*** Opening AVAILABLE DATA ***

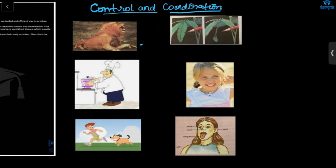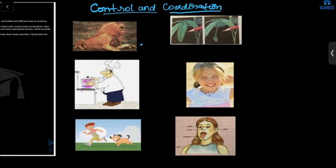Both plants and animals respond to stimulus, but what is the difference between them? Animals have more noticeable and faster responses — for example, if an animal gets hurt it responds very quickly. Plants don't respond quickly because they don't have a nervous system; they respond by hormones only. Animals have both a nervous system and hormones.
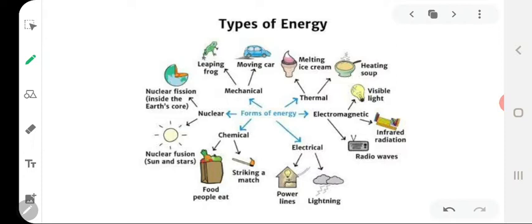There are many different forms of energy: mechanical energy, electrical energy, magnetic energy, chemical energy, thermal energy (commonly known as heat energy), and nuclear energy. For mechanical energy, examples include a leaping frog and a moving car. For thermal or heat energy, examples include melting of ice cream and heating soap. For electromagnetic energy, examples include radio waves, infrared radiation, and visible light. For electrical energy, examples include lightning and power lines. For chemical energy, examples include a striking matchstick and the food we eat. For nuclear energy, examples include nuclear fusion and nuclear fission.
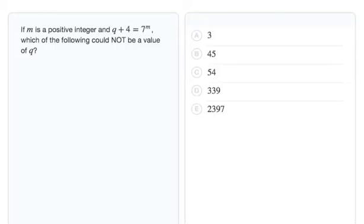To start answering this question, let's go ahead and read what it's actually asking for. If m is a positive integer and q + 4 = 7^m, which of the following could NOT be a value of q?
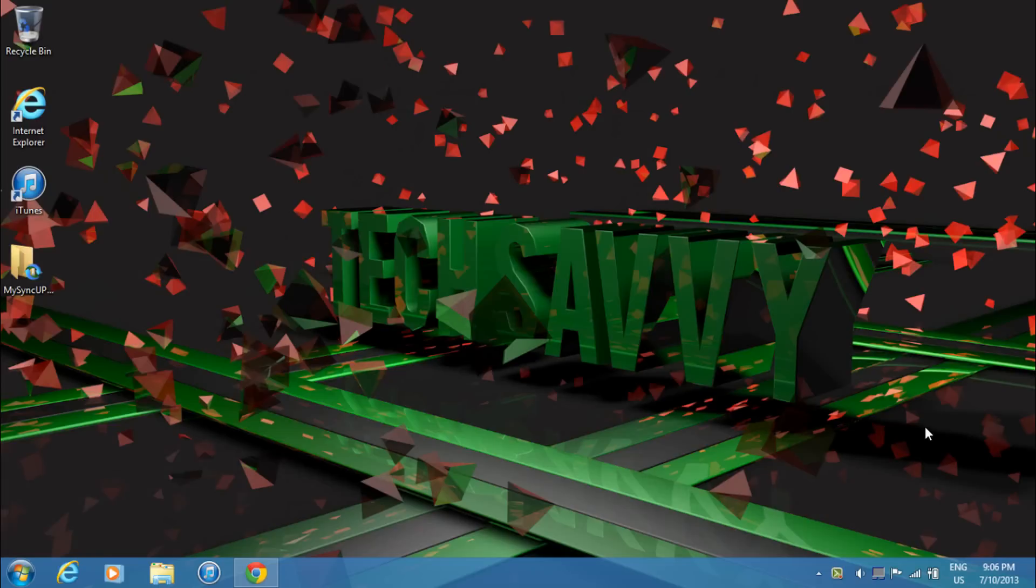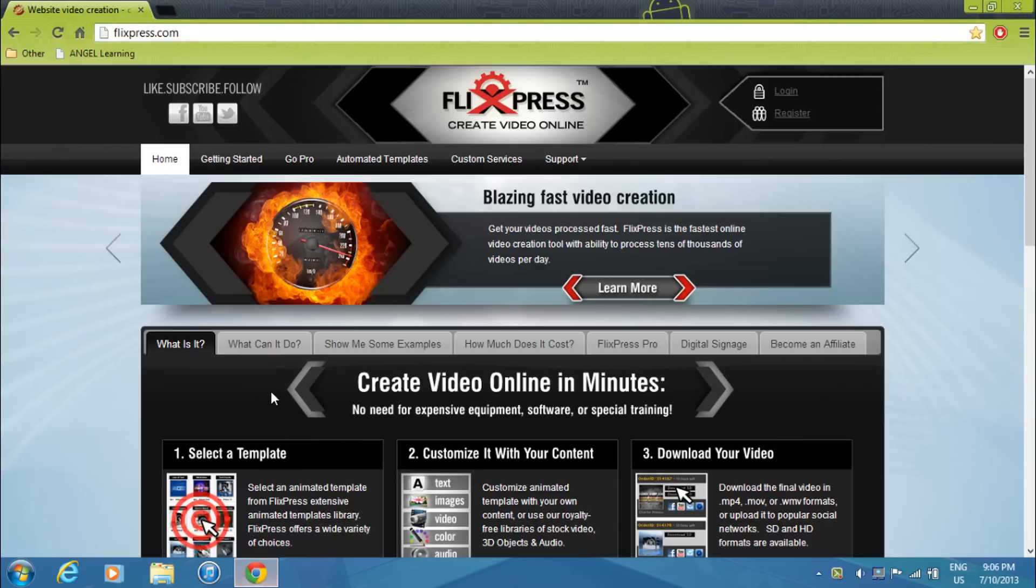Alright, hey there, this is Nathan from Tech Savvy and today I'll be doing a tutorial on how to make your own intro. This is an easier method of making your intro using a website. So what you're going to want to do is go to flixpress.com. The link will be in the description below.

*** Closing AVAILABLE DATA ***
*** Opening AVAILABLE DATA ***

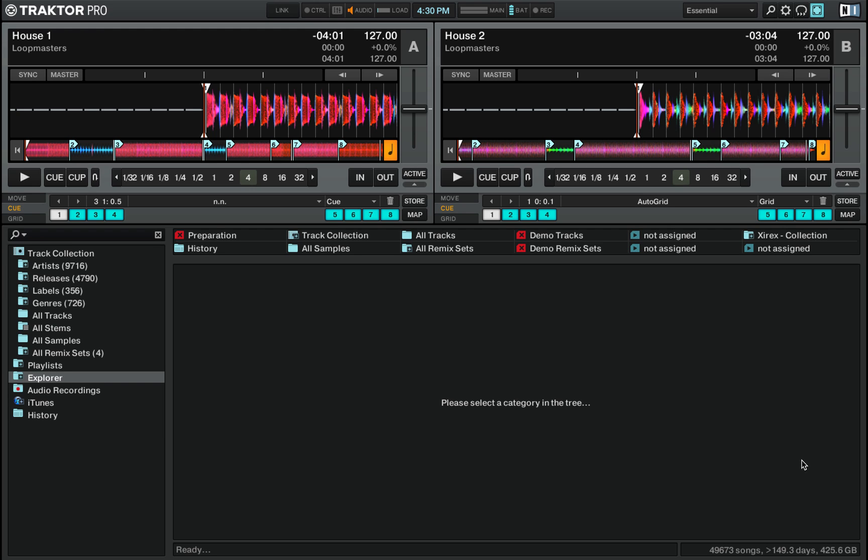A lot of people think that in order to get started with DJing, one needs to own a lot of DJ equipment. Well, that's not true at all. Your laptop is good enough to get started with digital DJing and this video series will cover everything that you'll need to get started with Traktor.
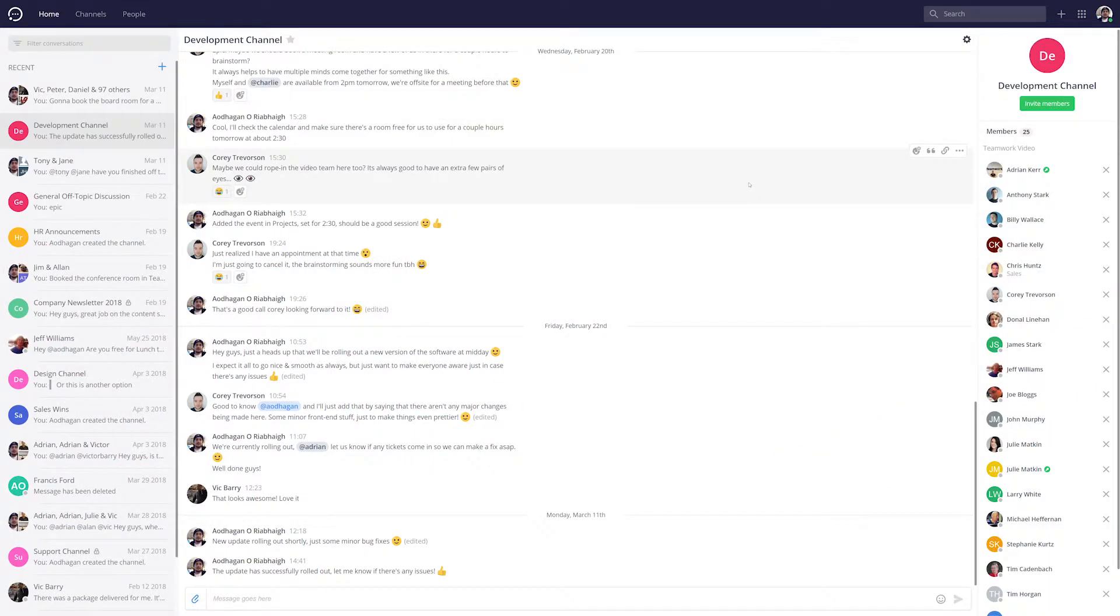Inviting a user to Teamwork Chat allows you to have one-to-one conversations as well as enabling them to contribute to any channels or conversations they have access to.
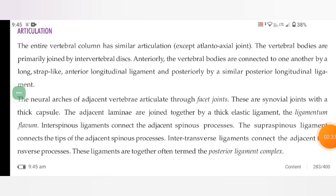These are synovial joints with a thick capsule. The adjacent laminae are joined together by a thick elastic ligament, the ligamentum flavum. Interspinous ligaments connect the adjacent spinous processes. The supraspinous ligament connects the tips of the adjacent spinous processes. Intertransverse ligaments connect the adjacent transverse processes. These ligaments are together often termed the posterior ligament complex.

*** Closing AVAILABLE DATA ***
*** Opening AVAILABLE DATA ***

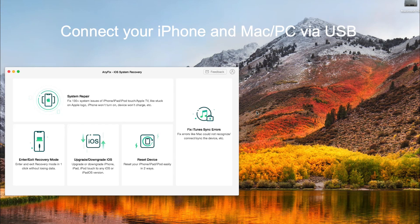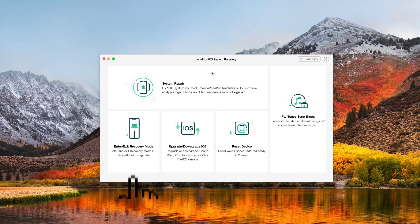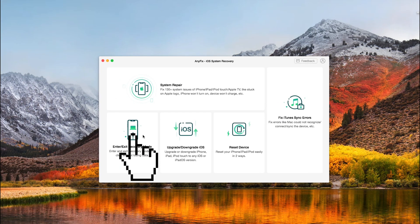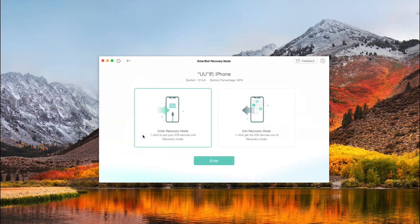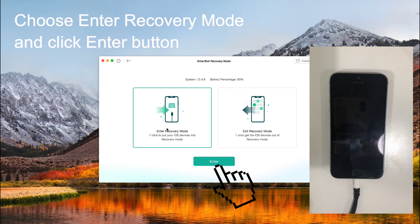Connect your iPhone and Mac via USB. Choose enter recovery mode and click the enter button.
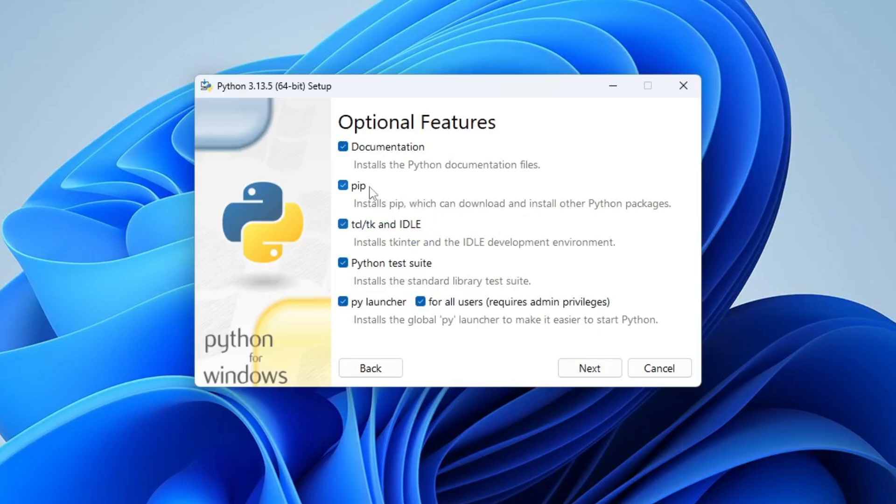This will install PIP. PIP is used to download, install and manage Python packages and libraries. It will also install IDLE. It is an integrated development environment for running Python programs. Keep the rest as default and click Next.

*** Closing AVAILABLE DATA ***

▶ _YOUR ASSIGNMENT_
Start at the line containing "Inviting a user" above and stop at the line containing "These are synovial". Output those lines exactly, both included, but none of the pictures.

▶ _SOLUTION TO THIS TASK_
Inviting a user to Teamwork Chat allows you to have one-to-one conversations as well as enabling them to contribute to any channels or conversations they have access to.
These are synovial joints with a thick capsule. The adjacent laminae are joined together by a thick elastic ligament, the ligamentum flavum. Interspinous ligaments connect the adjacent spinous processes. The supraspinous ligament connects the tips of the adjacent spinous processes. Intertransverse ligaments connect the adjacent transverse processes. These ligaments are together often termed the posterior ligament complex.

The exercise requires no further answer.